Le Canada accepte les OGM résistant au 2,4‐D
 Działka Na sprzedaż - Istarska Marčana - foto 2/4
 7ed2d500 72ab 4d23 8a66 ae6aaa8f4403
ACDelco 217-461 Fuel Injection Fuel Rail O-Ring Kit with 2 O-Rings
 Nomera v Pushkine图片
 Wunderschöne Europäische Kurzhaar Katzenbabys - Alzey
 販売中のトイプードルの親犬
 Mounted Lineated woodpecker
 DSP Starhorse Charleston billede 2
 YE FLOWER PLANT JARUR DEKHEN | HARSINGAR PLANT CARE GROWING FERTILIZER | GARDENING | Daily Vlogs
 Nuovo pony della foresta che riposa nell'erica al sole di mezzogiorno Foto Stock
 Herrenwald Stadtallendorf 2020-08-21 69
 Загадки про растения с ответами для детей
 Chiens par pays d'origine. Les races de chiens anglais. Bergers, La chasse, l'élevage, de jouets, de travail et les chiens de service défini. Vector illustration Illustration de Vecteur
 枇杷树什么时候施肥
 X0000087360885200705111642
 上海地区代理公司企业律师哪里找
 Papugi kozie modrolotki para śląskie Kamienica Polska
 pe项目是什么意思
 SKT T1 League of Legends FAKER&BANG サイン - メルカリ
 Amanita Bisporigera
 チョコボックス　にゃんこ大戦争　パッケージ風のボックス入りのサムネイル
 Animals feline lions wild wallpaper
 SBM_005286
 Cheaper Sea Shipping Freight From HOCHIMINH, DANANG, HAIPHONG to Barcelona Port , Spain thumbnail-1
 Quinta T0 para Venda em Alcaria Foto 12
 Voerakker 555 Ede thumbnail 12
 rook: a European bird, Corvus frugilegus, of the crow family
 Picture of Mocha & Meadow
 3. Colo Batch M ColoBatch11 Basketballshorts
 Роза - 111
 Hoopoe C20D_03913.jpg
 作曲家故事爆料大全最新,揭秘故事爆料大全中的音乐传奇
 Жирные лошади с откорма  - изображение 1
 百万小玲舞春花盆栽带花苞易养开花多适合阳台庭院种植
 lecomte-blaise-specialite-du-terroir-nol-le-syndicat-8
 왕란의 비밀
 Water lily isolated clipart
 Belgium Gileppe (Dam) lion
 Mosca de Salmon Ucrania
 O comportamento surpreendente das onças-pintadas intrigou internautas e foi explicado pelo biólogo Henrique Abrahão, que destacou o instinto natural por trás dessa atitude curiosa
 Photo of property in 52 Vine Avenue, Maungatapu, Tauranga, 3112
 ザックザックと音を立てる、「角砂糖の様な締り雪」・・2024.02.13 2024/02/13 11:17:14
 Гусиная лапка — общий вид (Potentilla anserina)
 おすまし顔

---+---

Scan the lines above for "thumbnail", then copy every one that has it.

- RESPONSE TO THIS EXERCISE
 Cheaper Sea Shipping Freight From HOCHIMINH, DANANG, HAIPHONG to Barcelona Port , Spain thumbnail-1
 Voerakker 555 Ede thumbnail 12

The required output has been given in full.